Task brief:
In the entries that follow, the line with "美式运动球服短袖男夏季潮牌重" opens the range and the line with "Obraz lake in the mountains" closes it; repeat that range exactly, both lines included.

Crawled caption data:
━━━━━━━━━━━━━━━━━━━━
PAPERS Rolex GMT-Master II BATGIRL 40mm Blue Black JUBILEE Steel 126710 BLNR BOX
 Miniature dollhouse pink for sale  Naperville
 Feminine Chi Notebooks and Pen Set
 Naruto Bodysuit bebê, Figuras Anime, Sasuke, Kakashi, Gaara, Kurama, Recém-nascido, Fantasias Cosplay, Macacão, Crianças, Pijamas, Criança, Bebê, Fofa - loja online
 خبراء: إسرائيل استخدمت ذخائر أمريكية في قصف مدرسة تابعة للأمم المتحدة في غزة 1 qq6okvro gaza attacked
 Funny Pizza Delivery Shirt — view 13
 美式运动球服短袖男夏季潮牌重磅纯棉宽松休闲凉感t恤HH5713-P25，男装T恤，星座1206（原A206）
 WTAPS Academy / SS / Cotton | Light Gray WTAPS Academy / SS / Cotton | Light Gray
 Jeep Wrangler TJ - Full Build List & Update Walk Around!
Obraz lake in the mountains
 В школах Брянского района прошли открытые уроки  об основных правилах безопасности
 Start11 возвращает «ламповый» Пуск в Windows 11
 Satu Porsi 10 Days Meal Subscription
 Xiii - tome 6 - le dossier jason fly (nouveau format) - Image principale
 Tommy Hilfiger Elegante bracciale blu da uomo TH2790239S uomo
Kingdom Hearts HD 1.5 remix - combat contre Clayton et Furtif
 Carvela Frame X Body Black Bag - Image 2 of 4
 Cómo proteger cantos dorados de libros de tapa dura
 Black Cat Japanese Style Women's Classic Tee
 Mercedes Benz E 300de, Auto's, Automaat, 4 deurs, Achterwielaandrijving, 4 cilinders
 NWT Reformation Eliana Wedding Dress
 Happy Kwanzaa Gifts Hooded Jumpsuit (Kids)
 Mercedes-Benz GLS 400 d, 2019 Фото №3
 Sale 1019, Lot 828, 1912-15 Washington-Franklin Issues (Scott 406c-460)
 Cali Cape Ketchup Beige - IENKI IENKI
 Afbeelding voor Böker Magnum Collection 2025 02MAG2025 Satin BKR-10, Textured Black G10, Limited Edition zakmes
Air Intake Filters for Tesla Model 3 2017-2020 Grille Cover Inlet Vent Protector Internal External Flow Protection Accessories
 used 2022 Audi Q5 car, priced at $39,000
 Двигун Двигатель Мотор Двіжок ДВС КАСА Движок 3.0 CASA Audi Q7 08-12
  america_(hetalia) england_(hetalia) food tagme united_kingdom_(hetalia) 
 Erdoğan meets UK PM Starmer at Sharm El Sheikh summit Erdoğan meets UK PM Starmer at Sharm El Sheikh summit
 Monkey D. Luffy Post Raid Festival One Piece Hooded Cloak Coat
━━━━━━━━━━━━━━━━━━━━
Answer box:
 美式运动球服短袖男夏季潮牌重磅纯棉宽松休闲凉感t恤HH5713-P25，男装T恤，星座1206（原A206）
 WTAPS Academy / SS / Cotton | Light Gray WTAPS Academy / SS / Cotton | Light Gray
 Jeep Wrangler TJ - Full Build List & Update Walk Around!
Obraz lake in the mountains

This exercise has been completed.